Most museums collect art from a time when few women were artists. Now of course this no longer the case. In passing I once had the pleasure of meeting Georgia O'Keefe in person in a museum
posted by Postroad at 12:23 PM on March 1, 2017 [4 favorites]


Most museums collect art from a time when few women were artists.

That's not really true. There have always been women artists. They were just marginalized.

Also, many museums, including almost all major museums, collect contemporary artists.
posted by Miko at 12:28 PM on March 1, 2017 [46 favorites]


Shit I'm embarrassed now because Georgia O'Keefe was def. the first woman who popped into my head.

Jenny Holzer
Tamara de Lempica
Cindy Sherman
Dorothea Lange
Julia Moore
um if we're not counting architecture Phoebe Gloeckner?
posted by aspersioncast at 12:30 PM on March 1, 2017 [3 favorites]


Camille Claudelle
Mary Cassatt
Helen Frankenthaler

Those are the three women artists which come to my mind immediately.

For each of those three I bet I could number five men, without trying hard...

On preview -- how did I not think of O'Keefe?
On preview 2 -- How did I not think of Tamara de Lempica?
posted by dancestoblue at 12:30 PM on March 1, 2017 [1 favorite]


Laila Carlsen
Stephanie Schmitt
Anne Bachelier
Agnes Martin
Frida Kahlo
posted by grumpybear69 at 12:31 PM on March 1, 2017 [2 favorites]


Collen Doran
Jill Thompason
Frida Kahlo
Käthe Kollwitz
Artemisia gentileschi


Can't name five black female artists off the top of my headthough, damn it.
posted by Brandon Blatcher at 12:31 PM on March 1, 2017 [3 favorites]


Links welcome!

^^ 5 Black women artists who I wouldn't know probably except for that they had works exhibited where I worked:

Kara Walker
Mickalene Thomas
Carrie Mae Weems
Lois Mailou Jones
Edmonia Lewis
posted by Miko at 12:35 PM on March 1, 2017 [7 favorites]

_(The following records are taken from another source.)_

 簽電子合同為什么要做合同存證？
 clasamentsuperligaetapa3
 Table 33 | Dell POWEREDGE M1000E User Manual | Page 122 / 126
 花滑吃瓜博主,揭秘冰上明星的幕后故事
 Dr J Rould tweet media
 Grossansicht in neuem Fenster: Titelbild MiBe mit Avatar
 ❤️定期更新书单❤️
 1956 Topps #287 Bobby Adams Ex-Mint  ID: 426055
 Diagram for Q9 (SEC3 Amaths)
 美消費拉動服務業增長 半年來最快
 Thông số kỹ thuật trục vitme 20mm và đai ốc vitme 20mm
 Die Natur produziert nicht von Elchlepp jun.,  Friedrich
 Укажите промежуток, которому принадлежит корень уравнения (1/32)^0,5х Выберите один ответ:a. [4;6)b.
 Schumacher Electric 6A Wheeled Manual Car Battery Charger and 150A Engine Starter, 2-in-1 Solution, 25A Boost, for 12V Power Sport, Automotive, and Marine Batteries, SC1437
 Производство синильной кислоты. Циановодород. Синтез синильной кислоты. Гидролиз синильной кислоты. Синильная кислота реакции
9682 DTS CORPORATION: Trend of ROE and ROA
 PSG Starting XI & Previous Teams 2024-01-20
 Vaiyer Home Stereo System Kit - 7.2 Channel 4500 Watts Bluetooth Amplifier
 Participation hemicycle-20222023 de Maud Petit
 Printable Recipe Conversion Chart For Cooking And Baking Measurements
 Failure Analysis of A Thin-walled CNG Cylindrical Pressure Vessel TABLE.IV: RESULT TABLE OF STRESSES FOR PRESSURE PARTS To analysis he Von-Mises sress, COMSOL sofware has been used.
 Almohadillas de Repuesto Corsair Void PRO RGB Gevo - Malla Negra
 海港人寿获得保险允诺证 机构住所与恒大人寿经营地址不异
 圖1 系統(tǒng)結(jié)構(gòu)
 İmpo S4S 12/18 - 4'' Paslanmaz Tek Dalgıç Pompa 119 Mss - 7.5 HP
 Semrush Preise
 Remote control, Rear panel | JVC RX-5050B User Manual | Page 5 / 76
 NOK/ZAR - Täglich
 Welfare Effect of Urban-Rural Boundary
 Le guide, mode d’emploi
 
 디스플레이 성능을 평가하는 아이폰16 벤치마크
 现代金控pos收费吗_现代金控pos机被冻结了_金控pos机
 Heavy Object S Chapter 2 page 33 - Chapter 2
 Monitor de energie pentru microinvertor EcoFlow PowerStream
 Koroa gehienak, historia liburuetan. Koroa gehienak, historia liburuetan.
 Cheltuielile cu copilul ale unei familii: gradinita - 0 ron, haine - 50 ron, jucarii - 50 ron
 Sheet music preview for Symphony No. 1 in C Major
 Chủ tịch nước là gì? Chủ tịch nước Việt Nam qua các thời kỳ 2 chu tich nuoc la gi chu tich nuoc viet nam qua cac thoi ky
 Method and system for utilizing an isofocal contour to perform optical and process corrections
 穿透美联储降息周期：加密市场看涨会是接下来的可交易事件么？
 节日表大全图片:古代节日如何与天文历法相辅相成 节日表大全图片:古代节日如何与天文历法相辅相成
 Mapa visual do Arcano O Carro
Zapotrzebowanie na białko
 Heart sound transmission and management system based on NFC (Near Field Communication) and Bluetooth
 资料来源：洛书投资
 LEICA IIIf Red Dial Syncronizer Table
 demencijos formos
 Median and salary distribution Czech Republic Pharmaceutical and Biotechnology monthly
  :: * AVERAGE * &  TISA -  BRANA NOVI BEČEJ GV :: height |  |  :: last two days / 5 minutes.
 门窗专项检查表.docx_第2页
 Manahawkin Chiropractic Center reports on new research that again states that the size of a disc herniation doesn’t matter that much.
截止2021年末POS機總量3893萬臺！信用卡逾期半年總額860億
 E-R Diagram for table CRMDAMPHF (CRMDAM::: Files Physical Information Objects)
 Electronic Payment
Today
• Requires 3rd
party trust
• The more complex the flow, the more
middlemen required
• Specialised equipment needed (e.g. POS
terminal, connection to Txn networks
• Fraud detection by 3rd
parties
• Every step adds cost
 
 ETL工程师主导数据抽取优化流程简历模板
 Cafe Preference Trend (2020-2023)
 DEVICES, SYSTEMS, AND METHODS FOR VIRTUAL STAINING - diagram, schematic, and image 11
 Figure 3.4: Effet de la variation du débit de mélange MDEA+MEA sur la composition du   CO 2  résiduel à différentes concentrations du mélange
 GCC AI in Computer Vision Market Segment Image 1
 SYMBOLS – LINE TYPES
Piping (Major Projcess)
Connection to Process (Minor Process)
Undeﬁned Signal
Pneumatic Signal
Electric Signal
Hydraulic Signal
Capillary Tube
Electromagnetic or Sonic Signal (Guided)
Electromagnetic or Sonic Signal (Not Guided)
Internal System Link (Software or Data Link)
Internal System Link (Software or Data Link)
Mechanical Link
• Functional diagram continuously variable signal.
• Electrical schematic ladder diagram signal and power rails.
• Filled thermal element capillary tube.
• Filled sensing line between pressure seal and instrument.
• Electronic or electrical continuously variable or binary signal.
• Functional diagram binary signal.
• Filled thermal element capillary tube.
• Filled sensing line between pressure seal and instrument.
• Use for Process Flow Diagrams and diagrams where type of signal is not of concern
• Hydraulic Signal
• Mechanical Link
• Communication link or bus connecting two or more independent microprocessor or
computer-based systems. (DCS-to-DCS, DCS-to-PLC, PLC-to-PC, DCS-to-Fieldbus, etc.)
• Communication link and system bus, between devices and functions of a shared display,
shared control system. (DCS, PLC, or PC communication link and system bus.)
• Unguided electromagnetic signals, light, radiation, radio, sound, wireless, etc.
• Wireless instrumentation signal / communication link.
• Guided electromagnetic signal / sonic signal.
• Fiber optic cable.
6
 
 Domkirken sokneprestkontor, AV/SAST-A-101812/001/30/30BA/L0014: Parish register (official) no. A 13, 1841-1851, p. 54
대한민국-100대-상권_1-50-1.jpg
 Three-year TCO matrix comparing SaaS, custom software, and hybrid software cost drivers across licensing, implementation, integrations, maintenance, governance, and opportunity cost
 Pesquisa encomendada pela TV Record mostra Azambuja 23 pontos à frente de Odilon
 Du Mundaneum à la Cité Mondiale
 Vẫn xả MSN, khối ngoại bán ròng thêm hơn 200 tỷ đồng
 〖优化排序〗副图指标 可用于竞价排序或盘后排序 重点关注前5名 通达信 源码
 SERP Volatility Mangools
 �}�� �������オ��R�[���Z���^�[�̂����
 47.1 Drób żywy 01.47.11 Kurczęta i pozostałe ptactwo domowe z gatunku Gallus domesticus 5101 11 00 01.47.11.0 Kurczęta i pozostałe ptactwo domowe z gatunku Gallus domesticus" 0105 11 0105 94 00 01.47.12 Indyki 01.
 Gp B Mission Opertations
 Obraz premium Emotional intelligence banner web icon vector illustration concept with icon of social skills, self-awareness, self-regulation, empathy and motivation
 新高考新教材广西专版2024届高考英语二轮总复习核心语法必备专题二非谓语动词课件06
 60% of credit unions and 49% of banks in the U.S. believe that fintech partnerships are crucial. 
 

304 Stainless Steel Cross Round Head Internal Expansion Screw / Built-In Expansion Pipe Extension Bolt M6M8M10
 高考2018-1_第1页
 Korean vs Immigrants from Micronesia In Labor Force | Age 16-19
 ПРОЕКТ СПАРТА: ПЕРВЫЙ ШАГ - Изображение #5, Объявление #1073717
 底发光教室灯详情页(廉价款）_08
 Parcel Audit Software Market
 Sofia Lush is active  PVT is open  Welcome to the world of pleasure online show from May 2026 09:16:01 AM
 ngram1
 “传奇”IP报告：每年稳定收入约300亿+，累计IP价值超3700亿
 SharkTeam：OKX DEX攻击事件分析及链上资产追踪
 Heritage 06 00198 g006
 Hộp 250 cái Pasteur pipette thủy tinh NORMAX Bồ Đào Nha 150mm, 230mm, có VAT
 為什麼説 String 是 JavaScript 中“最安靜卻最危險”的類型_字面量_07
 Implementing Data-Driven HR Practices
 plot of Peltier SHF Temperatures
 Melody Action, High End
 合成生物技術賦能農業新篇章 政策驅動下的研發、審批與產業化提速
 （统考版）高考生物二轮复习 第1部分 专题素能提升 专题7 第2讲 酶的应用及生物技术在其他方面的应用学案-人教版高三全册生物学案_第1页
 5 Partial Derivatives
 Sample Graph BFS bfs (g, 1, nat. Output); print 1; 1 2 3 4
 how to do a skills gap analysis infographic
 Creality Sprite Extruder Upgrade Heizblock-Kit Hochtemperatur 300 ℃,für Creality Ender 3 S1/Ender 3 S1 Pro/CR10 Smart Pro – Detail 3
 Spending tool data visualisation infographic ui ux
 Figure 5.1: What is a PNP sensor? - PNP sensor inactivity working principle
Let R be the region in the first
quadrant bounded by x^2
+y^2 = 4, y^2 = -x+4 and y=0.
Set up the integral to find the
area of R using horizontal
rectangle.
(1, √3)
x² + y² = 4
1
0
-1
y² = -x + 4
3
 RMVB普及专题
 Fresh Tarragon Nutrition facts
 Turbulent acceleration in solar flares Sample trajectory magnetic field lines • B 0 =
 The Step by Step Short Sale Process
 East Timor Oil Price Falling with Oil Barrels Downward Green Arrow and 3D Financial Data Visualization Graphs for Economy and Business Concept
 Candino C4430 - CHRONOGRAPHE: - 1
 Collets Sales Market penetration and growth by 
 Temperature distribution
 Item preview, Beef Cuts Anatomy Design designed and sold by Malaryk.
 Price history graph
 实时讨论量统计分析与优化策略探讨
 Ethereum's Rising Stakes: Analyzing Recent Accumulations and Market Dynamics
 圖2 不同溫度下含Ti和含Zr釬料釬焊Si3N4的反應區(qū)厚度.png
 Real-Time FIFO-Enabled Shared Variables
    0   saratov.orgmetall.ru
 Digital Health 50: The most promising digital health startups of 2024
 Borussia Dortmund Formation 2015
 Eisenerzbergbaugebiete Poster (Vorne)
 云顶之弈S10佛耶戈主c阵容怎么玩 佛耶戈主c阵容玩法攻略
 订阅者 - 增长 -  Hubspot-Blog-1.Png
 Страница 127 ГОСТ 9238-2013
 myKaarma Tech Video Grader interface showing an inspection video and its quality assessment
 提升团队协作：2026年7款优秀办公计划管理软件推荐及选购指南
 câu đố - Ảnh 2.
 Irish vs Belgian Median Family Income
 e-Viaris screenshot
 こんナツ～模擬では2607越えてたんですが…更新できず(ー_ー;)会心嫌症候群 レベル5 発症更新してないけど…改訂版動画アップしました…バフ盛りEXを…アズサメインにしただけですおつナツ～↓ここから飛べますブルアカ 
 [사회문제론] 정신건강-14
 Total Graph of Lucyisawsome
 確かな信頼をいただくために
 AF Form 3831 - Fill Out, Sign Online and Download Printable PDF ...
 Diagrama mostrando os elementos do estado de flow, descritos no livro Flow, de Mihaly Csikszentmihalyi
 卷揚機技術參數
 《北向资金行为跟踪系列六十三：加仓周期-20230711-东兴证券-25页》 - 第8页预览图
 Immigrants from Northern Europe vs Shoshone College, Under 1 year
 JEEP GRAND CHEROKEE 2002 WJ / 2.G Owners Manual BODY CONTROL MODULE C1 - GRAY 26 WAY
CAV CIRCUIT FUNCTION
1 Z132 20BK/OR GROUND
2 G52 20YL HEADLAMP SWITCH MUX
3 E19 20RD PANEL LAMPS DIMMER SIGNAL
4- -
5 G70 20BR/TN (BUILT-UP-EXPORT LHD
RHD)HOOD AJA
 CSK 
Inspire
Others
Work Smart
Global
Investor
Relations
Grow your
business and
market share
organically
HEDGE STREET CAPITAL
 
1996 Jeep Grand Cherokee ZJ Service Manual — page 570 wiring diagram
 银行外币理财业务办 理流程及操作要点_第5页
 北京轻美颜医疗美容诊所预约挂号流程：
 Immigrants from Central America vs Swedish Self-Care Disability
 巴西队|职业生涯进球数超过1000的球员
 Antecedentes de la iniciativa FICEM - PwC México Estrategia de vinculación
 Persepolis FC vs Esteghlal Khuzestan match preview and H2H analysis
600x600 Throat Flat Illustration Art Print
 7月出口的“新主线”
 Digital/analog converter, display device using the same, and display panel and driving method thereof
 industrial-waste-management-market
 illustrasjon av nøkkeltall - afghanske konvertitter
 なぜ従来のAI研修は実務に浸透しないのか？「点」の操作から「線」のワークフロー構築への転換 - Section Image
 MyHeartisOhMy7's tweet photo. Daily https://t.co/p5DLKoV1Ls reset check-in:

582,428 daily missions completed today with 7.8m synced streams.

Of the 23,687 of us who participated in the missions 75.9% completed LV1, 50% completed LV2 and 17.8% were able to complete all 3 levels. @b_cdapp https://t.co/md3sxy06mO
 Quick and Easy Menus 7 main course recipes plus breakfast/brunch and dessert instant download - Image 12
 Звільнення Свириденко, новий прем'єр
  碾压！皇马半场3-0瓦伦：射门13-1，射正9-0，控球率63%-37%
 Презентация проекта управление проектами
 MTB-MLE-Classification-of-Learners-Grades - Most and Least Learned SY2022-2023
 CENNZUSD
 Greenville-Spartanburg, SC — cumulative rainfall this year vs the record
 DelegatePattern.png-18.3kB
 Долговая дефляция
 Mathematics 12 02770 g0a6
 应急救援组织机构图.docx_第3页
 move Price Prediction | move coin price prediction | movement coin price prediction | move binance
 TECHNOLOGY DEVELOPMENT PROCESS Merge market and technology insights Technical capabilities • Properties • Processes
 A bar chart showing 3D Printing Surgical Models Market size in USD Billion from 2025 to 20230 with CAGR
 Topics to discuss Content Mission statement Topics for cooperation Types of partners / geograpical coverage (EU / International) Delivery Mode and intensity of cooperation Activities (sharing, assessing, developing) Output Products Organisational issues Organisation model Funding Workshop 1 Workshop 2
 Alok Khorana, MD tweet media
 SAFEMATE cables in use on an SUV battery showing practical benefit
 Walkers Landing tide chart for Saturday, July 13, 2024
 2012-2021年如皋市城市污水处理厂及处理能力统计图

Emily Carr and Maud Lewis are two Canadian visual artists I can think of.
posted by Klaxon Aoooogah at 12:36 PM on March 1, 2017


And more embarrassed because I meant Julia Morgan but wish I'd thought of Carrie May Weems and Kara Walker instead (thanks for the links!).
posted by aspersioncast at 12:36 PM on March 1, 2017 [1 favorite]


Nina Chanel Abney has her first monograph museum show right now, and it's amazing.
posted by bendybendy at 12:39 PM on March 1, 2017


Jenny Holzer
Barbara Kruger
Tracey Emin
Nan Goldin
Francesca Woodman
Annie Leibovitz
Diane Arbus
Carrie Mae Weems
Ana Mendieta
Vivian Maier
Marina Abromovitch
posted by listen, lady at 12:40 PM on March 1, 2017 [5 favorites]


Lee Bontecou.
posted by ZenMasterThis at 12:42 PM on March 1, 2017 [7 favorites]


I mean I definitely have some work to do!

Meredith Monk!
Carolee Schneermann
Sandy Skoglund
posted by listen, lady at 12:43 PM on March 1, 2017 [1 favorite]


Grandma Moses
posted by briank at 12:43 PM on March 1, 2017 [1 favorite]


Lorna Simpson
LaToya Ruby Frazier
posted by jeweled accumulation at 12:44 PM on March 1, 2017 [1 favorite]


Judith Leyster, Elizabeth Vigee-Lebrun, Claude Cahun, Yoko Ono, Yayoi Kusama!
posted by sunset in snow country at 12:44 PM on March 1, 2017 [1 favorite]


Depressed/embarrassed at how difficult this was for me as well, although I guess its slightly better that my first immediate thought was Judy Chicago.
posted by Exceptional_Hubris at 12:45 PM on March 1, 2017 [5 favorites]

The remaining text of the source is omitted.